LAWS(PVC)-1939-10-96

BHIMSINGH KISHORE SINGH BHILALA Vs. GANGARAM RAMAJI RAJPUT

Decided On October 03, 1939
Bhimsingh Kishore Singh Bhilala Appellant
V/S
Gangaram Ramaji Rajput Respondents

JUDGEMENT

(1.) THIS is an appeal arising out of execution proceedings. The decree that it is sought to execute was one passed by their Lordships of the Judicial Committee who had before them, on appeal, a claim made against one Rao Kishoresingh in a suit claiming inter alia specific performance. There were other alternative claims but they do not arise as under the main prayer it was decided that although specific performance should not be decreed compensation should be decreed. The compensation was in lieu of specific performance, and was granted instead of specific performance because their Lordships held that the circumstances were such that the plaintiffs could be adequately compensated in money. The circumstances were that Rao Kishoresingh was litigating as to the impartibility of the estate. In that litigation, the facts of which will be found in the opinion of the Judicial Committee reported in Kishore Singh v. Mt. Gahena Bai (1919) 6 AIR PC 100, Rao Kishore Singh was the plaintiff and was suing for a declaration that he was the sole heir of one Rao Himmat Singh. His claim raised and depended upon the question whether the Hindu joint family of which he, Rao Himmat Singh, and the defendants to that suit were, prior to Rao Himmat Singh's death, members, was governed by a custom of primogeniture. If primogeniture applied then Rao Kishore Singh took the estate subject to certain family rights; if it did not, the estate passed by survivorship in the usual way.

(2.) TO finance that litigation Rao Kishore Singh entered into the agreement specific performance of which was sought in the subsequent suit which also went to the Privy Council and is reported in Ramji Patel v.
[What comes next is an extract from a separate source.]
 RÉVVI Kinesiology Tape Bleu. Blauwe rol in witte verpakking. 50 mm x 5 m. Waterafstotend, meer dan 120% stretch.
Kishore Singh (1929)16 AIR PC 190. The prayers are set out at pages 122 and 123. The first prayer was for specific performance, the second in the alternative for refund of the money advanced with interest, the third for costs and other relief as the Court thinks fit. The second prayer did not arise for, as above stated, the decree gave compensation in lieu of specific performance. The compensation was fixed at Rs. 20,000. We do not understand this to have been given under the second prayer (which also asked for compensation.) We understand it to have been given because although the suit for specific performance in substance succeeded, actual specific performance was not decreed because the equities were sufficiently met by compensation. The money decree thus obtained for Rs. 20,000 with interest thereon at 6 per cent, until realization and for costs had to be executed. The decree in the specific performance case was in favour of the plaintiff Ramji Patel and has now passed to the respondents to the appeal, Gangaram and others, The date of the decree is about 9th May 1929. The estate which it was declared in the earlier suit was subject to a custom of primogeniture is known as the Bhamgarh estate and has been in the same family for many hundreds of years.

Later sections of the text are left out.